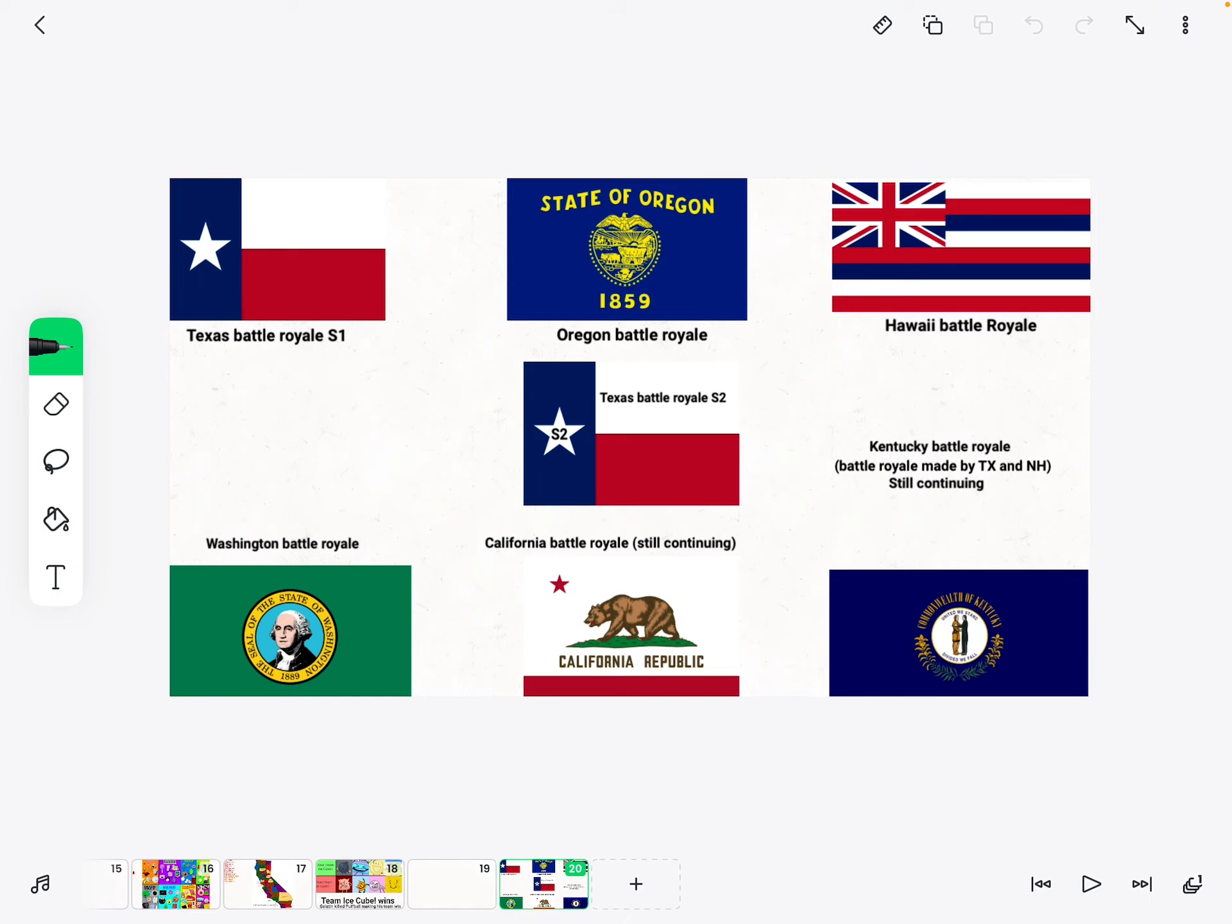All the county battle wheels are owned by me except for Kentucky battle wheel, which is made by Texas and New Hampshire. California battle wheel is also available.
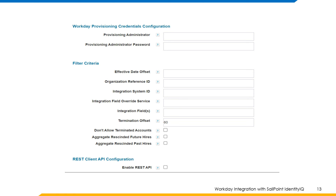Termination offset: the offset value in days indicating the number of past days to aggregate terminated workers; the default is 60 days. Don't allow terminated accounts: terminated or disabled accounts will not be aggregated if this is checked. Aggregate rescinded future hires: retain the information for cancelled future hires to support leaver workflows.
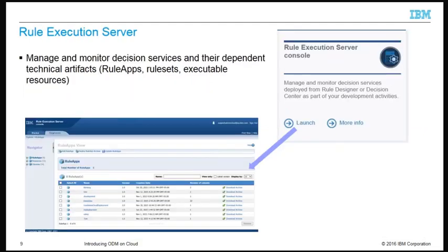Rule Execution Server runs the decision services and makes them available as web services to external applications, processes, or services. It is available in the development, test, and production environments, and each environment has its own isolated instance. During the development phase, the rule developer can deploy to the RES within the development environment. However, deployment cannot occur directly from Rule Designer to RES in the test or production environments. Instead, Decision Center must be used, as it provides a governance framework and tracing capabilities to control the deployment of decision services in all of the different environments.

==

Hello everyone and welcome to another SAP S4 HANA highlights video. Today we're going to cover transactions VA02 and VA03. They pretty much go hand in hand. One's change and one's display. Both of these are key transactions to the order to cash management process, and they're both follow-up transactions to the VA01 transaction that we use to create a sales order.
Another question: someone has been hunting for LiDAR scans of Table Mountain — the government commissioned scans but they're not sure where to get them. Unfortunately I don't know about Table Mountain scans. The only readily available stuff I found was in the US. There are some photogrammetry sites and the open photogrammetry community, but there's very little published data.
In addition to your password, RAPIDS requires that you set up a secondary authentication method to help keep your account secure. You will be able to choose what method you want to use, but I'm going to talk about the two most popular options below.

**Task directions:** Print, exactly and with no pictures, the lines of the listing above starting at the one that has "Termination offset: the" and ending at the one that has "Rule Execution Server", both included.

**Solution:**
Termination offset: the offset value in days indicating the number of past days to aggregate terminated workers; the default is 60 days. Don't allow terminated accounts: terminated or disabled accounts will not be aggregated if this is checked. Aggregate rescinded future hires: retain the information for cancelled future hires to support leaver workflows.
Rule Execution Server runs the decision services and makes them available as web services to external applications, processes, or services. It is available in the development, test, and production environments, and each environment has its own isolated instance. During the development phase, the rule developer can deploy to the RES within the development environment. However, deployment cannot occur directly from Rule Designer to RES in the test or production environments. Instead, Decision Center must be used, as it provides a governance framework and tracing capabilities to control the deployment of decision services in all of the different environments.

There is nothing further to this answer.